What the Designation Provided

Being named a UN Lighthouse Project is not a passive honour — it is an active designation that carries real-world consequences. The most immediate effect was visibility. Lighthouse Projects are featured in UNFCCC official communications, presented at high-level side events, and shared with the network of governments, development finance institutions, and corporate climate leaders who engage with the Marrakech Partnership. For a programme in its early stages of market development, that exposure was transformative.

Equally important was the credibility signal it sent to prospective carbon buyers and institutional partners. The voluntary carbon market relies on trust — and trust requires third-party validation. A UN Lighthouse designation, issued by the world's principal intergovernmental climate body, is among the most credible forms of third-party validation a project can receive. It told the market: this programme has been examined by people who know what they're looking for, and it meets the standard.

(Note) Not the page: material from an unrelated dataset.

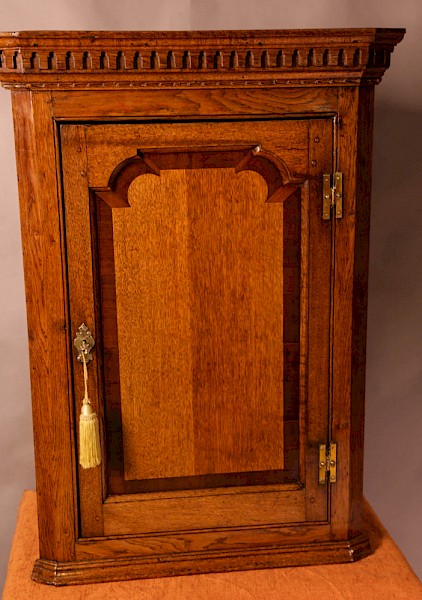 An 18th century Oak Corner Cupboard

The designation also gave iRise access to a community of practice — a network of Lighthouse Project alumni, UNFCCC technical advisers, and fellow innovators — that proved invaluable in sharpening the programme's approach to monitoring, community reporting, and market positioning.

A Foundation for Everything That Followed

In retrospect, the UN Lighthouse Project designation at COP27 was the first domino in a sequence of recognitions and partnerships that have defined iRise Carbon's trajectory. The year after COP27 brought the Best Forestry Initiative award at COP28 in Dubai. That was followed by participation in COP29 in Baku alongside HE Dr Joyce Banda and Ismail Serageldin, the landmark clean cookstoves partnership with Mukuru, the expansion to 3 million trees in Kasungu, and ultimately selection for CEEZER's Carbon Coalition Accelerator in 2026.

None of those milestones were inevitable. They were earned — through consistent delivery, methodological integrity, and a refusal to simplify either the climate science or the community economics for the sake of a faster path to market. The Lighthouse Project designation recognised that commitment in 2022. The years since have vindicated it.

“Being recognised as a UN Lighthouse Project was the moment the world told us: what you are building in Malawi matters. That validation gave us the confidence to go further, faster, and with greater ambition than we had originally planned.”

— iRise Carbon, Offset8 Capital

About the UN Lighthouse Projects Programme

The Lighthouse Projects initiative is managed under the UNFCCC's Marrakech Partnership for Global Climate Action — a framework that enables non-state actors including businesses, investors, cities, and civil society to support the goals of the Paris Agreement. Lighthouse Projects are selected annually and represent the most innovative and scalable climate solutions from across the private and civil society sphere. They are presented formally at the COP high-level summits and serve as flagship examples for the broader global climate action ecosystem.